Pengharapan yang Benar dan Pengharapan yang Salah
Ar-Roja’ atau pengharapan adalah bagian dari ibadah hati kepada Allah Ta’ala. Allah Ta’ala mencintai dan menganjurkan pada sikap pengharapan yang benar. Sikap pengharapan yang benar adalah berharap pahala dari Allah ketika beramal sholih secara ikhlas dan sesuai tuntunan Rasulullah shollallahu alaihi wasallam. Termasuk pengharapan yang benar adalah seorang yang terjatuh dalam suatu dosa, kemudian ia tersadar, benar-benar menyesal, meninggalkan perbuatan dosa itu, bertekad untuk tidak mengulangi lagi selamanya, ia berharap ampunan dan rahmat Allah Ta’ala.
Artinya, pengharapan yang benar adalah niat tulus dari hati yang diiringi dengan menempuh prosedur yang benar sesuai petunjuk dari Allah dan Rasul-Nya. Pengharapan harus diiringi dengan amal. Harus ada bukti bahwa pengharapan itu memang jujur.
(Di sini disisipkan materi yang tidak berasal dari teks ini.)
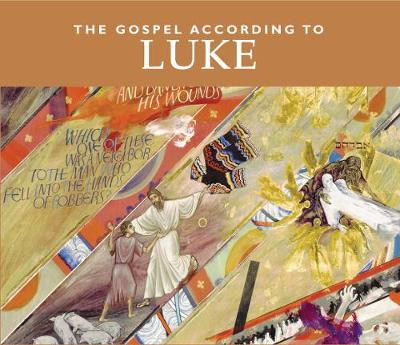 The Gospel According to Luke
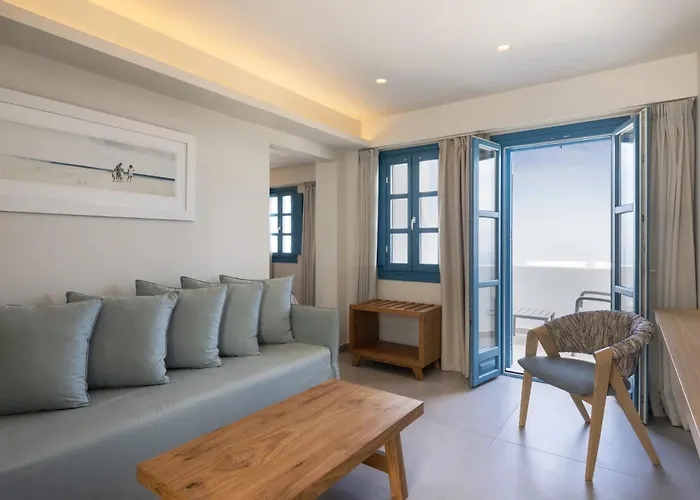 Aeifos Boutique Imerovigli (Santorini)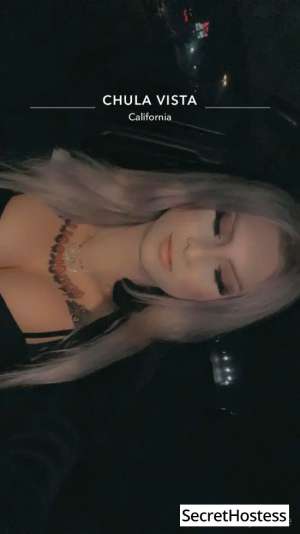Tiffany 25Yrs Old Escort 75KG 172CM Tall San Diego CA Image - 8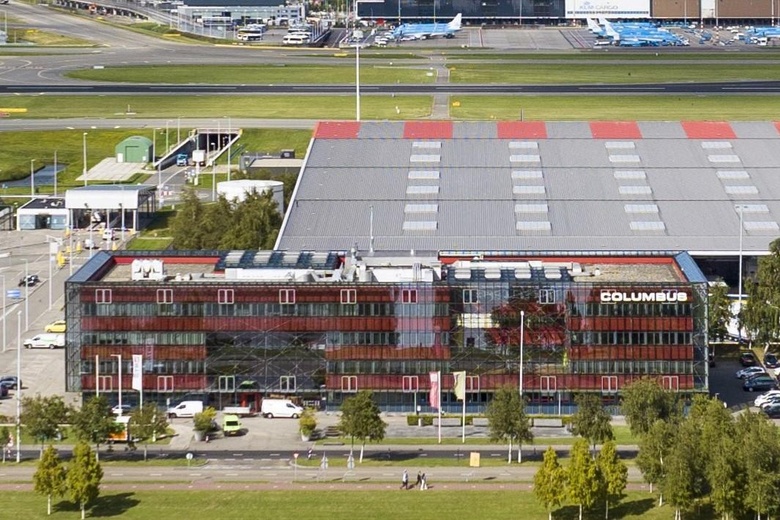Kantoorruimte Schiphol - Folkstoneweg 2 - Foto 18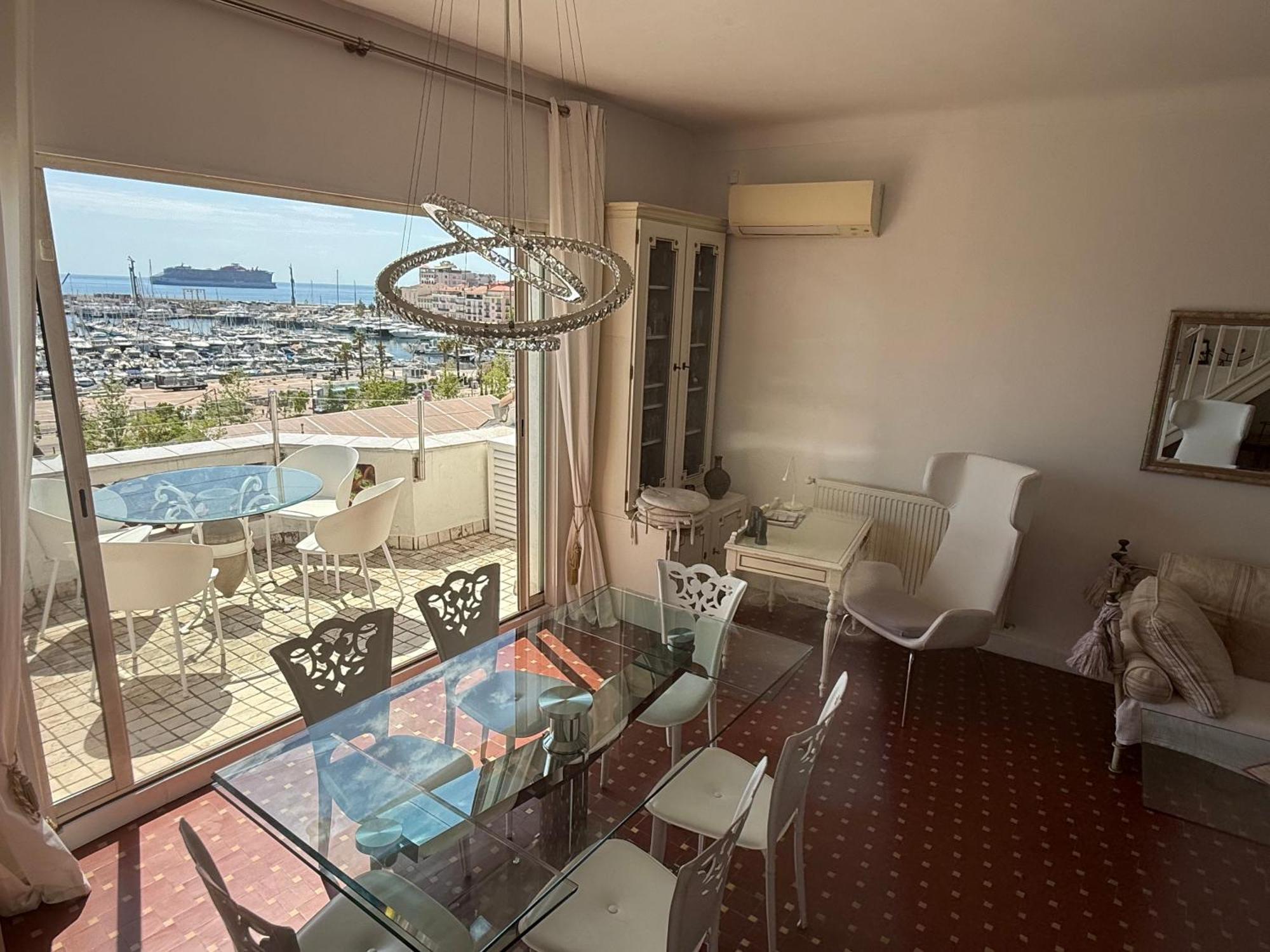 Cannes Privat Residence Holiday Apartments Bagian luar foto
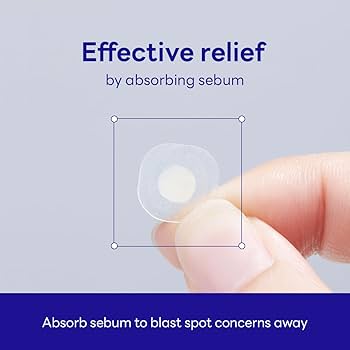 [JAPAN VERSION]MEDIHEAL Teatree Calming Spot Patch 60 patches
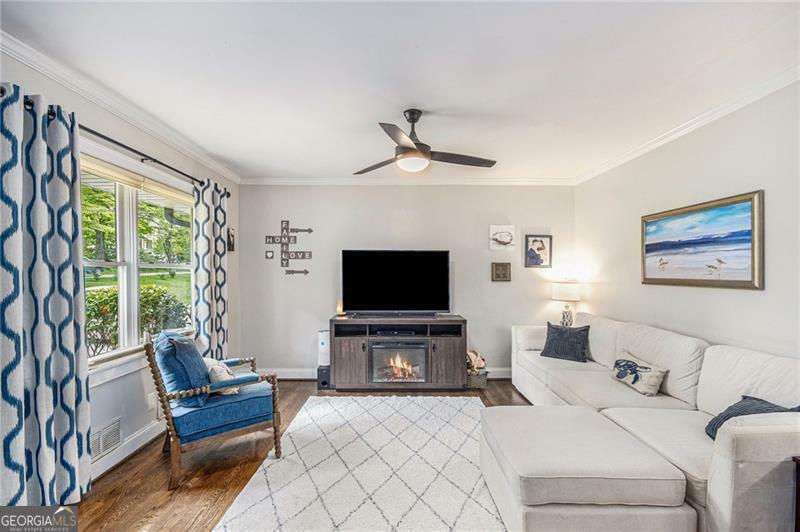 Property Photo: 2779 Fairlee Drive GA 30032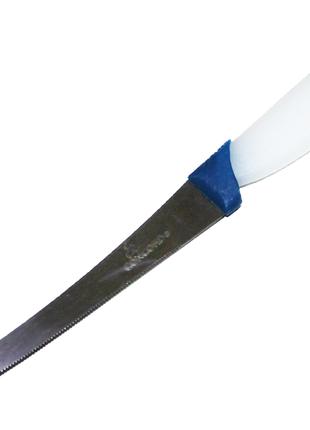 Нож Concord с зубчиками 22.5см/12.5см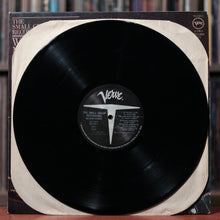 Load image into Gallery viewer, Wes Montgomery - The Small Group Recordings - 2LP - 1976 Verve, EX/VG+
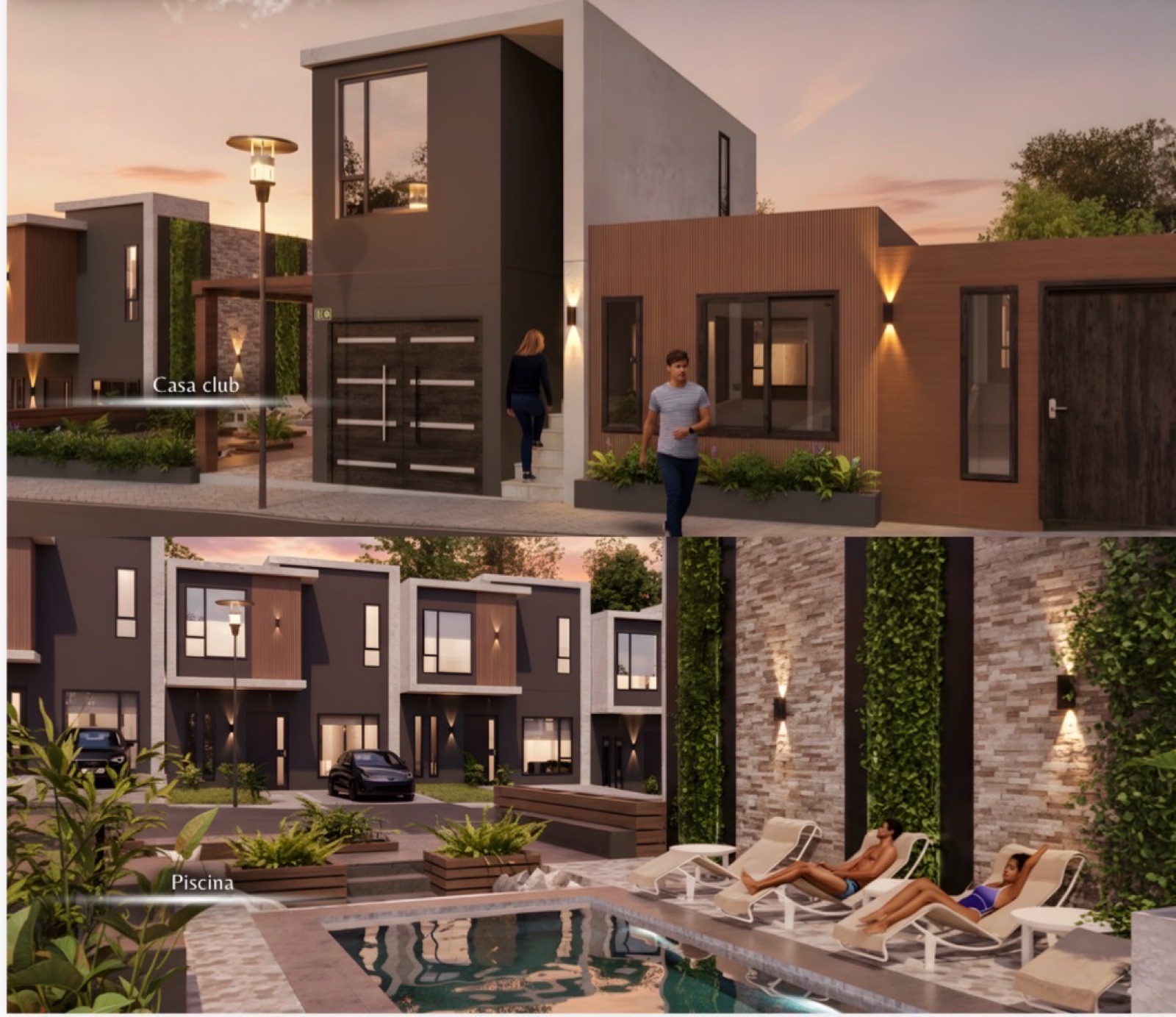 Casa en venta en Pichincha | Quito | Conocoto, Panzaleo y Abdón Calderón, 112 m²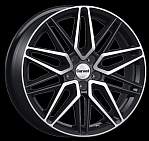 R18 5x110 7J ET35 D67,1 Carwel Вайс 233 AB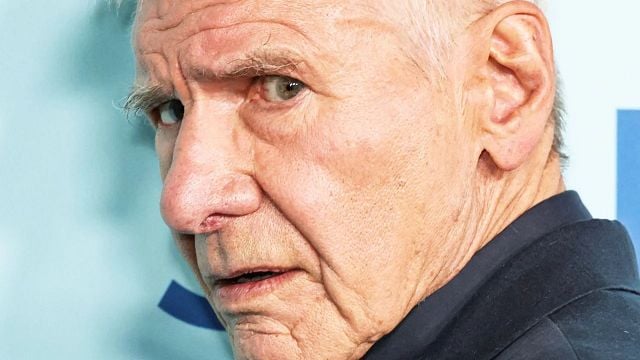 Imagem da notícia "Ele não existe": Se pudesse, Harrison Ford gostaria de apagar este filme de ficção científica gravado há 48 anos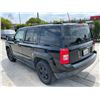 Image 4 : JEEP PATRIOT 2012 T-DONATION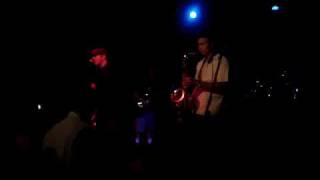 Go Jimmy Go   Miss Argentina BBL 8 22 06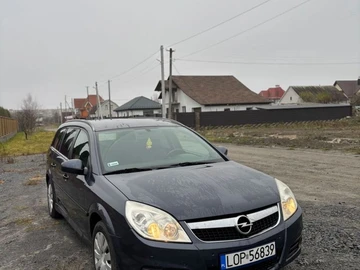 Авто Opel Vectra 2006 № 8273189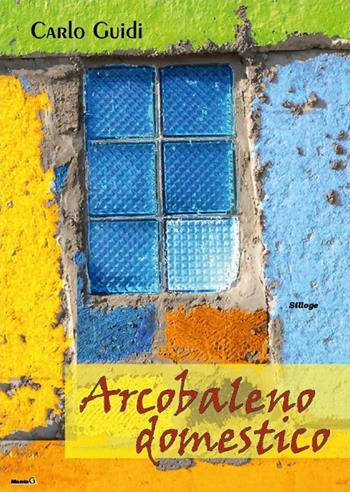 Arcobaleno domestico - Carlo Guidi - Libro Montag 2014, Le chimere | Libraccio.it
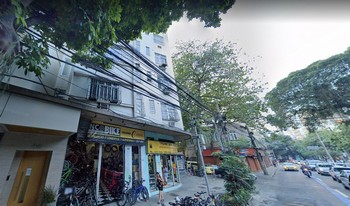 Imagem de fundo do condomínio Condomínio Do Edifício 26 De Novembro - Humaita - Rio De Janeiro - RJ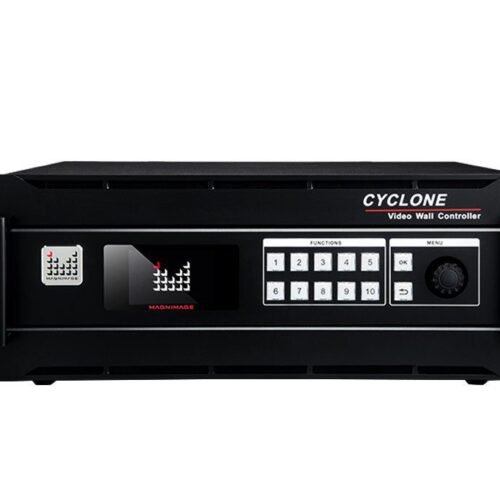 Magnimage Cyclone Series LED Video Wall Controller MIG-CL9600 LED Video Splicer(Call for price)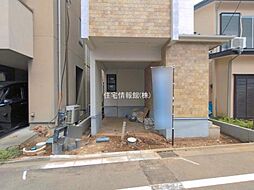 外観の画像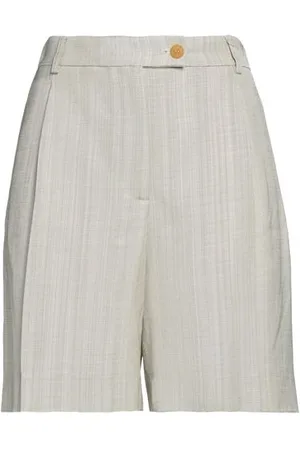 TELA PARTES DE ABAJO - Pantalones cortos y bermudas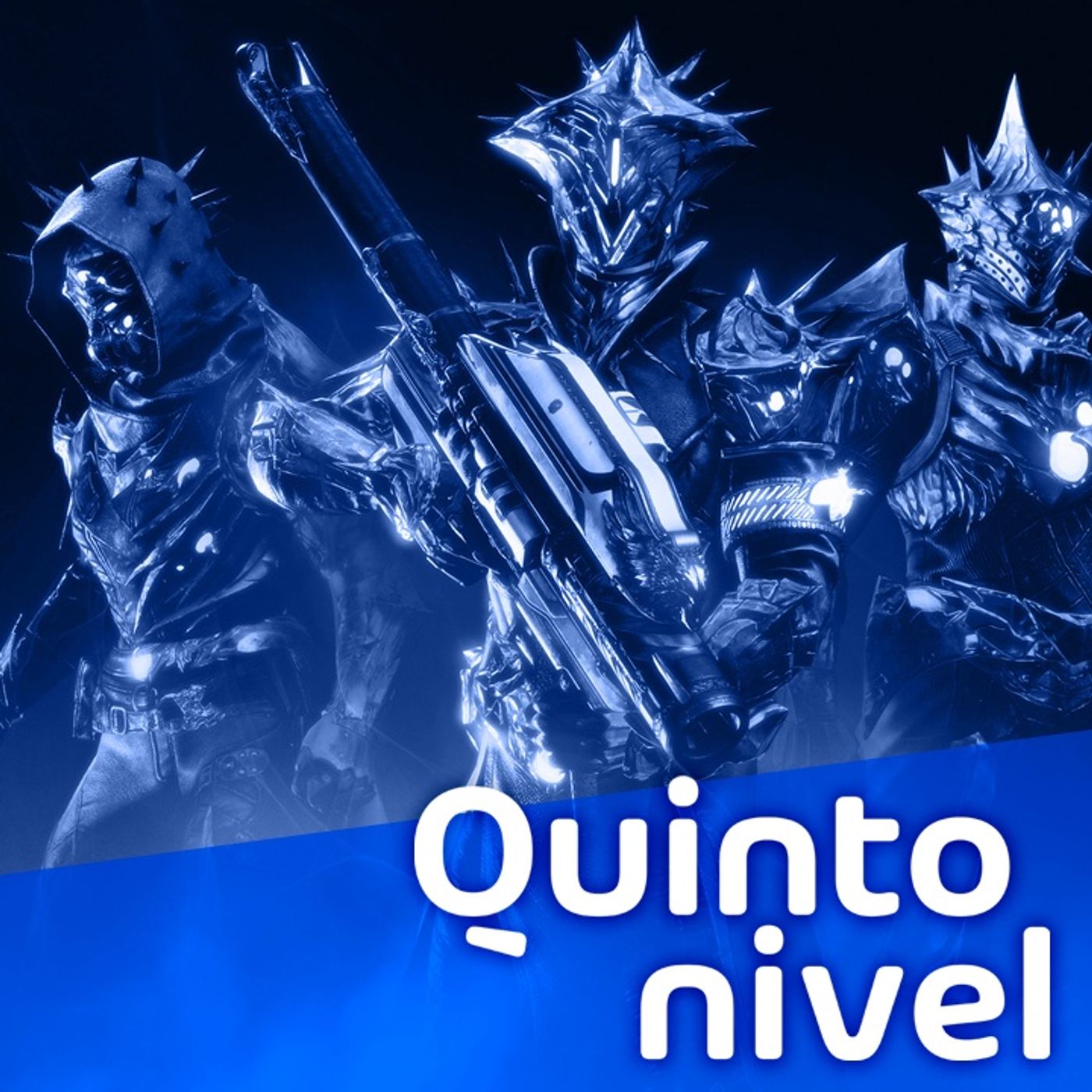 Conexión PlayStation SHOW Podcast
Sedangkan sekedar berharap namun tidak mau beramal, itu hanya khayalan dan angan-angan kosong. Berharap surga tapi tidak mau ibadah dengan benar, tidak mau meninggalkan larangan Allah. Itu pengharapan yang dusta.
Ibnu Qoyyim al-Jauziyyah rahimahullah menyatakan:
وَالرَّجَاءُ ثَلَاثَةُ أَنْوَاعٍ: نَوْعَانِ مَحْمُودَانِ، وَنَوْعٌ غَرُورٌ مَذْمُومٌ
فَالْأَوَّلَانِ رَجَاءُ رَجُلٍ عَمِلَ بِطَاعَةِ اللَّهِ عَلَى نُورٍ مِنَ اللَّهِ. فَهُوَ رَاجٍ لِثَوَابِهِ. وَرَجُلٌ أَذْنَبَ ذُنُوبًا ثُمَّ تَابَ مِنْهَا. فَهُوَ رَاجٍ لِمَغْفِرَةِ اللَّهِ تَعَالَى وَعَفْوِهِ وَإِحْسَانِهِ وَجُودِهِ وَحِلْمِهِ وَكَرَمِهِ
وَالثَّالِثُ: رَجُلٌ مُتَمَادٍ فِي التَّفْرِيطِ وَالْخَطَايَا. يَرْجُو رَحْمَةَ اللَّهِ بِلَا عَمَلٍ. فَهَذَا هُوَ الْغُرُورُ وَالتَّمَنِّي وَالرَّجَاءُ الْكَاذِبُ
Pengharapan itu ada 3 macam. Ada 2 yang terpuji (baik), sedangkan satu macam lagi adalah tipu daya dan tercela. Dua macam pengharapan yang terpuji adalah (yang pertama) seorang melakukan amalan ketaatan kepada Allah berdasarkan cahaya (iman dan ilmu yang benar) dari Allah dengan berharap pahala-Nya. (yang kedua) seorang yang melakukan suatu dosa kemudian bertobat darinya. Dia mengharapkan ampunan, pemaafan, perbuatan baik, kedermawanan, kelembutan, dan kemuliaan dari Allah Ta’ala. Yang ketiga (pengharapan yang tercela, pen) adalah seorang yang terus bersikap abai dan melakukan dosa-dosa namun ia berharap rahmat Allah tanpa beramal. Ini adalah orang yang tertipu, sekedar berangan-angan, dan pengharapannya adalah dusta (Madarijus Salikin karya Ibnul Qoyyim 2/37)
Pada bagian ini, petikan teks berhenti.